We recently lost our German Shepherd at 9 years and 8 months. About 3 years ago he had a hemangiosarcoma on his toe, the vet amputated his toe and said that there was a possibility of it coming back and that if it did, chances are it would attack his spleen. About a year ago we has to rush him to the vet because his gums were going white and he was stumbling. The vet did xrays and blood tests, and told us that he was bleeding internally and his spleen was enlarged but it had stopped and he would be okay. So we left happy even though we knew he was on borrowed time we still had our boy. He had this happen a few.times and on April 4th of this year we had to take our beloved boy back to the vet because he was bleeding internally again. The vet said it was his time and we are absolutely devastated and lost without our handsome boy, we miss him so much and we wish everyday that he was here with us. I am thankful that he is not suffering but it doesn't take the pain away. He is gone but never forgotten, he will always be with us in our hearts and our memories. 

We have been looking at breeders in the new England area as we live in Connecticut and we want to be able to drive and meet the breeder, parents and our prospective puppy. I know color is not really important but we love the looks of the sables and the DDR lines. We don't want a dog that has super high drives as he will mainly be a companion and pet. I think a medium drive dog would be a perfect fit for us. We love to take walks, play, swim and train as well as going on outings and car rides. So we are looking for a dog that can go, go, go but relax with us at the end of the day. 

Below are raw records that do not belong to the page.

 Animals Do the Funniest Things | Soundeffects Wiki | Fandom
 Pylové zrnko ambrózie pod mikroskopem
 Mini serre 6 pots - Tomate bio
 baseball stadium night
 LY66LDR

We are also looking for stable nerves and temperament that won't be overly aggressive or see things as a threat that shouldn't be. A protector if he had to be but a lover while.with his family. We are also trying to find a breeder who tests for HD/ED, DM and hopefully a breeder who produces dogs without allergies. I know this is a long post and I apologize but I wanted to give as much info as possible because I want to be sure we find a good fit for our family as well as our future puppy. 

We have been looking at Goble Kennels and Von Hena-C. They have beautiful dogs and test. 

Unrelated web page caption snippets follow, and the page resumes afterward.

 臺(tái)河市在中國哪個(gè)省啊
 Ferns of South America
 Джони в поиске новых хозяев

I was wondering what your opinions were of these kennels as well as any other that you can suggest. 

I have attached some pictures of our handsome boy.

Thank you,

Sheina


----------



## JakodaCD OA (May 14, 2000)

I'm sorry for your loss

I had a male (who has since passed) who's sire was from Von Hena C, I wouldn't hestitate to get a puppy from her. In fact, when I was looking again, before my male passed away, I had wanted to stay somewhat within the lines he was from, she sent me to kleinenhain who had her female, long story short I ended up getting my current GSD from Kleinenhain. Love her to death, but she has more czech/slovak than DDR than my last male. 

I also like ryanhaus in MA, I hear ALOT of good things about her dogs, I like what she does with her dogs, Wolfiesmom here on the board has one of her dogs and he's quite a character with the stories she tells of him.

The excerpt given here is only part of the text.